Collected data

--

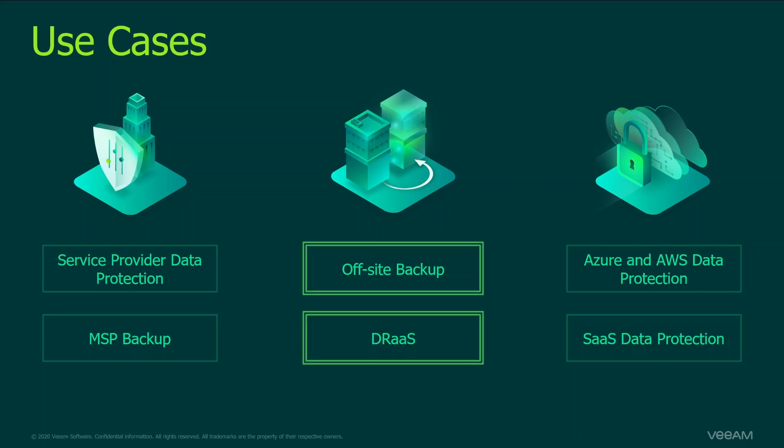In the middle you can see off-site backup and disaster recovery service. In this scenario you need to install Cloud Connect on the service provider side and Veeam backup replication server on the customer side to send out the data. Service provider will act as a multi-tenant repository. Disaster recovery as a service is basically a cloud host where customer replicates his virtual machines and then can activate disaster recovery service if something goes wrong on their side.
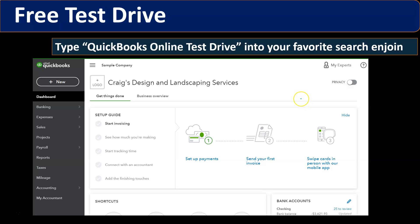For those who want to jump right to data input - those who already have some familiarity with QuickBooks Online and want to start a new company file - you can jump to the second half of the course, where that is exactly what we will do.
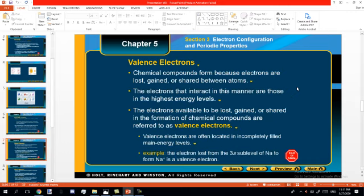Now we come to something new: the valence electrons. We talk about the atoms and how they lose or gain electrons, and what changes happen during gaining or losing. The valence electrons are simply the electrons in the outermost energy level of any atom, and these electrons are responsible for the chemical reactions. The valence electrons are either gained, lost, or shared by the atom during a chemical reaction.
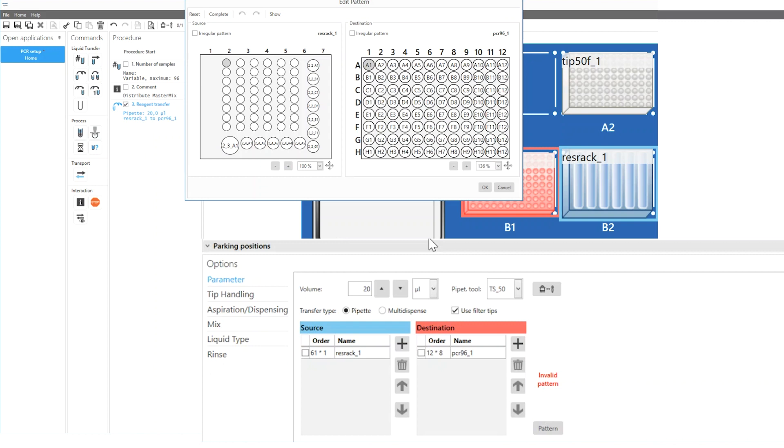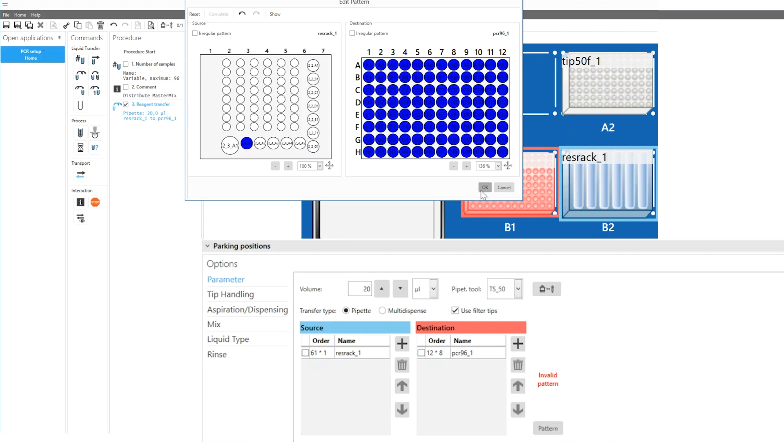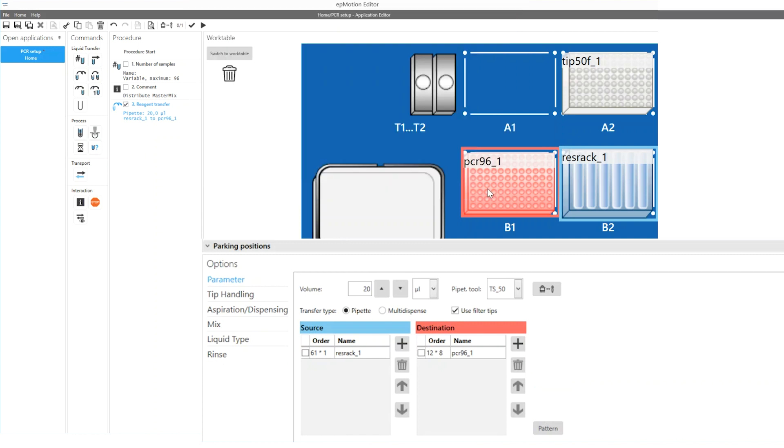Finally, you need to define the pipetting pattern. But don't worry, this can be done with just two clicks. Simply define the vessel that contains your PCR master mix and press complete. The pattern of the destination labware is automatically added by the software.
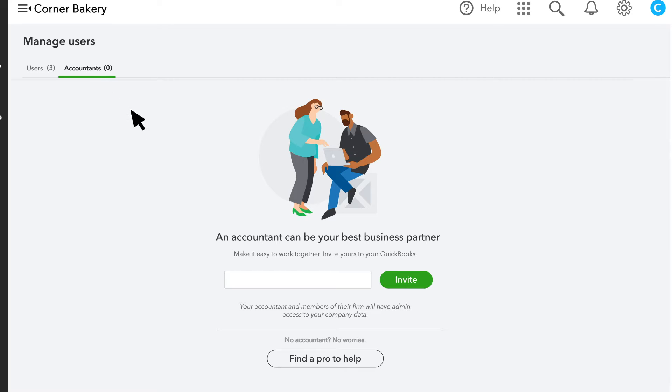To give your accountant access to your QuickBooks, just add their email address and select Invite.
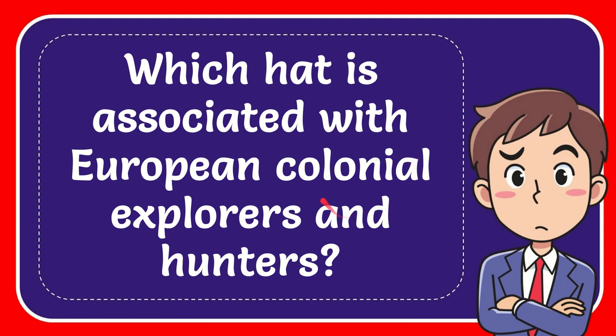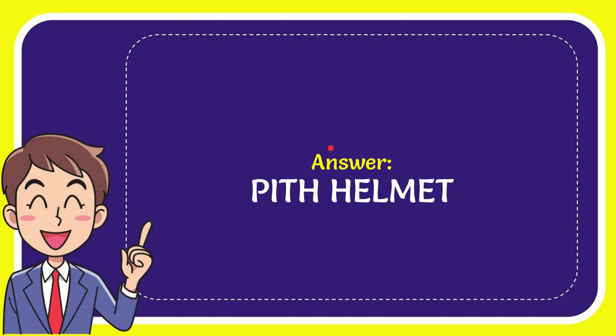In this video I'm going to give you the answer to this question: which hat is associated with European colonial explorers and hunters? The answer to this question is Pith Helmet. So that is the answer of the question.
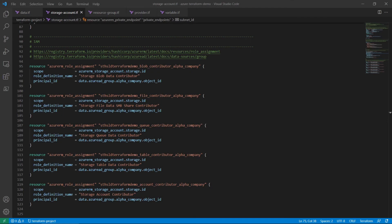The final component to configure is the identity account management. You will require a separate Azure RM role assignment resource for every role principal combination required. In this example, the principal ID is the ID for an active directory security group named Alpha Company.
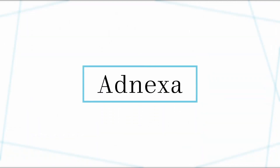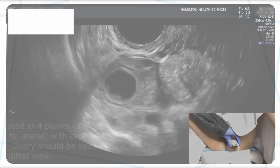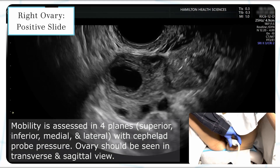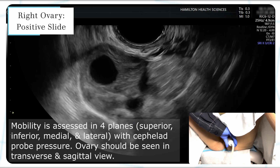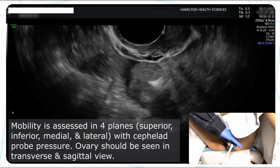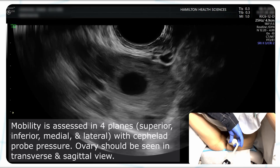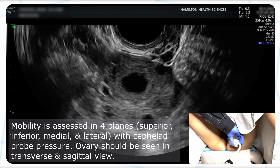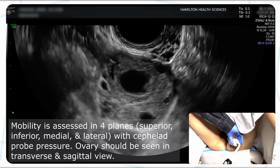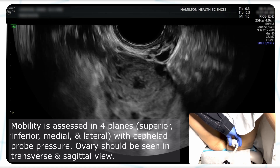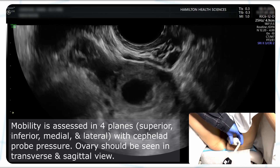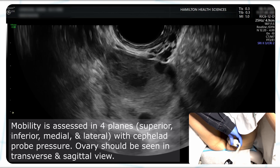In this segment, the adnexa will be assessed for mobility. Pushing on the ovary, we see lateral mobility and medial mobility. Going into sagittal orientation with the probe, we see the mobility superiorly and inferiorly. This is an entirely mobile ovary.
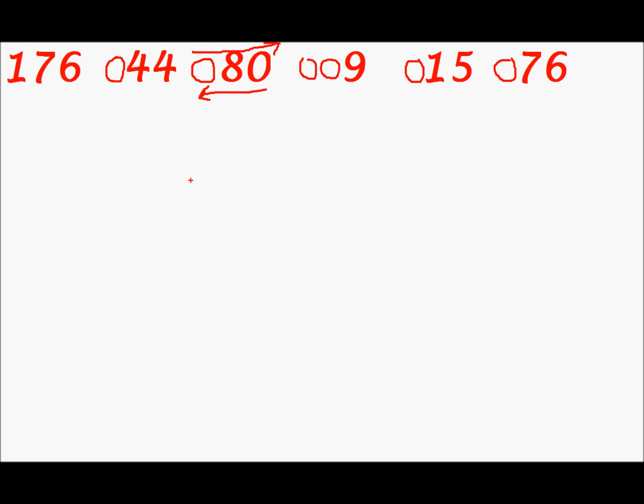Next is depending on the number of digits that we have in the greatest number make those many rows. So for this we have 3 digits. So we will make 3 rows. Now mark the LSD in every number. So 6 for 76, 5 for 15, 9 for 9, 0 for 80, 4 for 44 and 6 for 176.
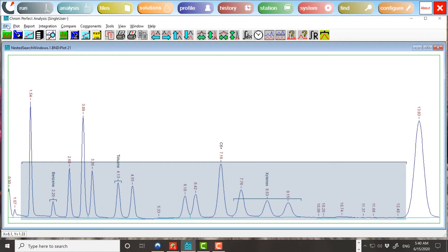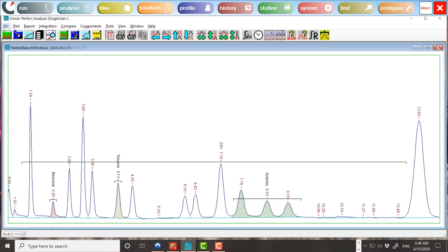If this was the end of the story, then this calculation could be performed with a multi-peak window. But the same region also contains peaks due to aromatic components. These must not contribute to the C6 plus fraction. Instead, they must be reported individually using their own response factors.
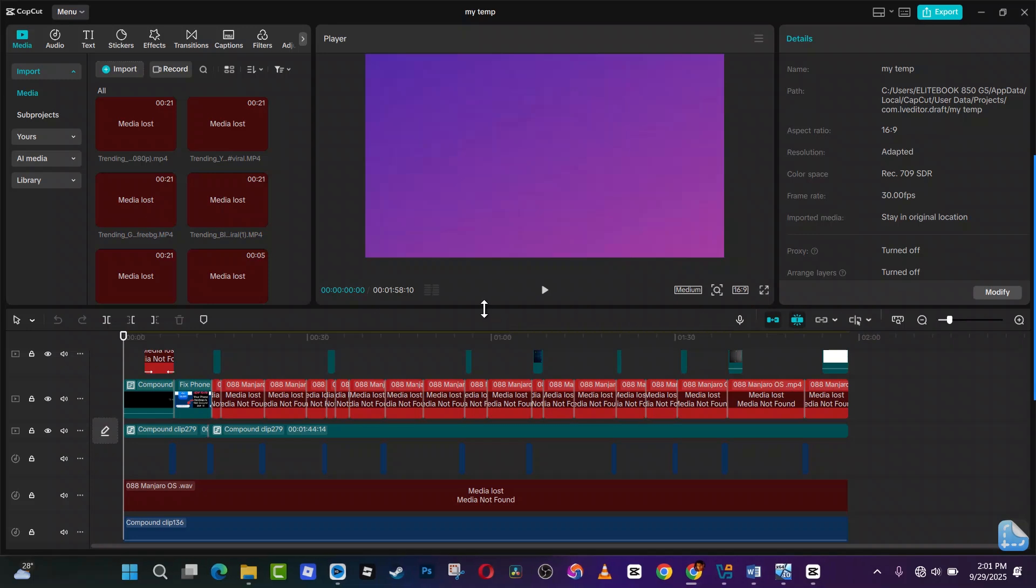How to save CapCut project as template on PC. In this video I will show you step by step. After you open up your project, after you finish editing the project that you want to save as a template.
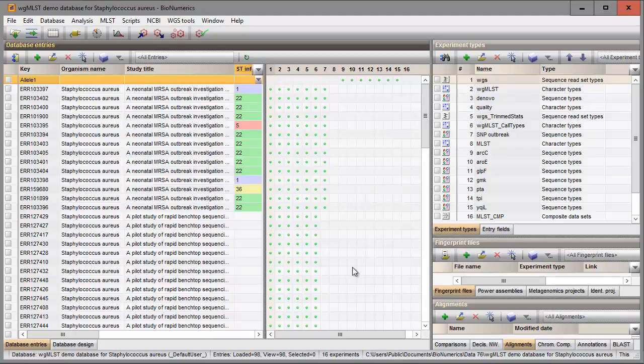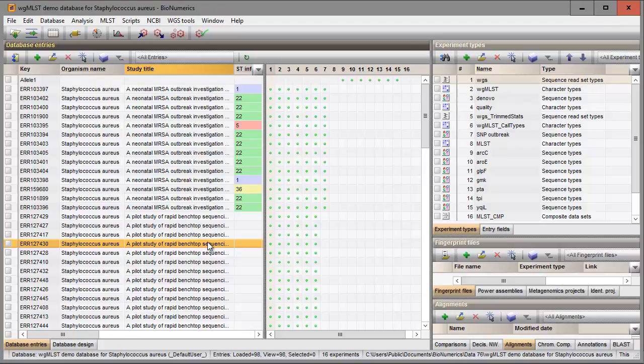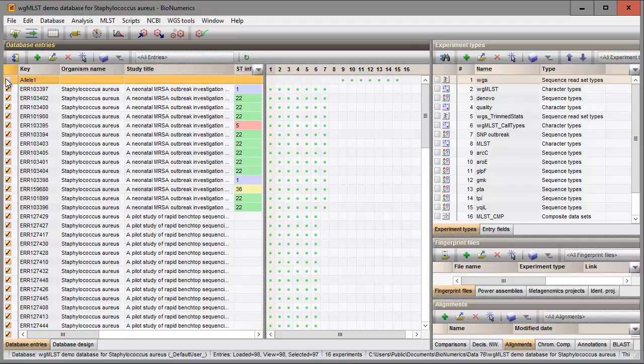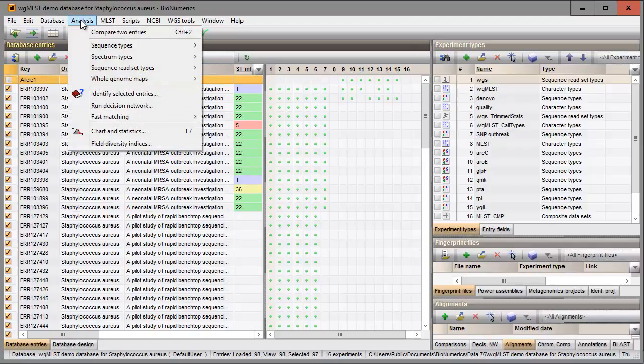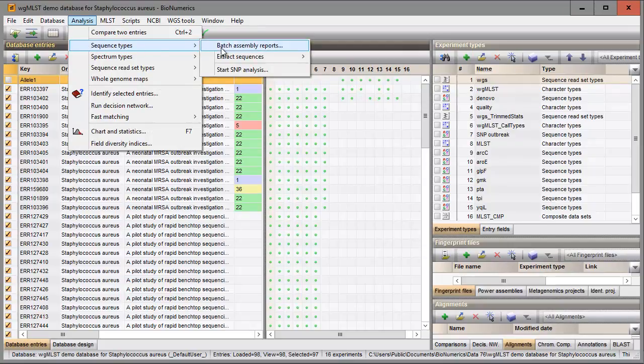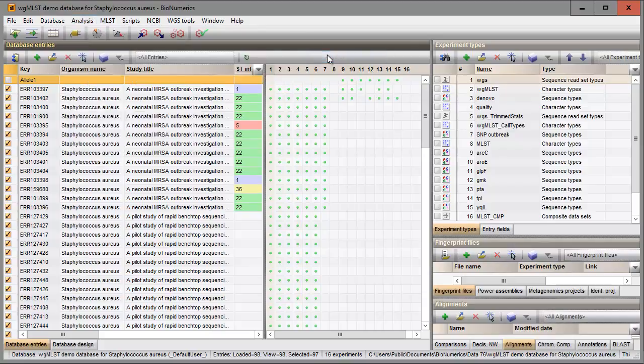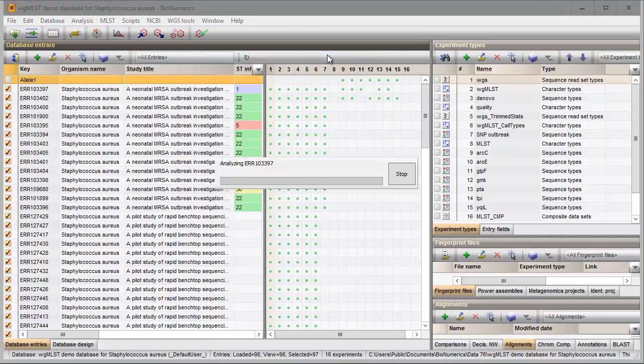I can now start the actual sequence extraction process. I select all entries in my database using the Ctrl-A keyboard combination and I unselect my query sequence. I now select analysis, sequence types, extract sequences, analyze to start the extraction process.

--

### PROBLEM DETAILS
Give the records above again in full and exactly, but exclude every picture.

### RESULT FOR THIS EXERCISE
In the middle you can see off-site backup and disaster recovery service. In this scenario you need to install Cloud Connect on the service provider side and Veeam backup replication server on the customer side to send out the data. Service provider will act as a multi-tenant repository. Disaster recovery as a service is basically a cloud host where customer replicates his virtual machines and then can activate disaster recovery service if something goes wrong on their side.
For those who want to jump right to data input - those who already have some familiarity with QuickBooks Online and want to start a new company file - you can jump to the second half of the course, where that is exactly what we will do.
Now we come to something new: the valence electrons. We talk about the atoms and how they lose or gain electrons, and what changes happen during gaining or losing. The valence electrons are simply the electrons in the outermost energy level of any atom, and these electrons are responsible for the chemical reactions. The valence electrons are either gained, lost, or shared by the atom during a chemical reaction.
Finally, you need to define the pipetting pattern. But don't worry, this can be done with just two clicks. Simply define the vessel that contains your PCR master mix and press complete. The pattern of the destination labware is automatically added by the software.
To give your accountant access to your QuickBooks, just add their email address and select Invite.
In this video I'm going to give you the answer to this question: which hat is associated with European colonial explorers and hunters? The answer to this question is Pith Helmet. So that is the answer of the question.
The final component to configure is the identity account management. You will require a separate Azure RM role assignment resource for every role principal combination required. In this example, the principal ID is the ID for an active directory security group named Alpha Company.
In this segment, the adnexa will be assessed for mobility. Pushing on the ovary, we see lateral mobility and medial mobility. Going into sagittal orientation with the probe, we see the mobility superiorly and inferiorly. This is an entirely mobile ovary.
Next is depending on the number of digits that we have in the greatest number make those many rows. So for this we have 3 digits. So we will make 3 rows. Now mark the LSD in every number. So 6 for 76, 5 for 15, 9 for 9, 0 for 80, 4 for 44 and 6 for 176.
If this was the end of the story, then this calculation could be performed with a multi-peak window. But the same region also contains peaks due to aromatic components. These must not contribute to the C6 plus fraction. Instead, they must be reported individually using their own response factors.
How to save CapCut project as template on PC. In this video I will show you step by step. After you open up your project, after you finish editing the project that you want to save as a template.
I can now start the actual sequence extraction process. I select all entries in my database using the Ctrl-A keyboard combination and I unselect my query sequence. I now select analysis, sequence types, extract sequences, analyze to start the extraction process.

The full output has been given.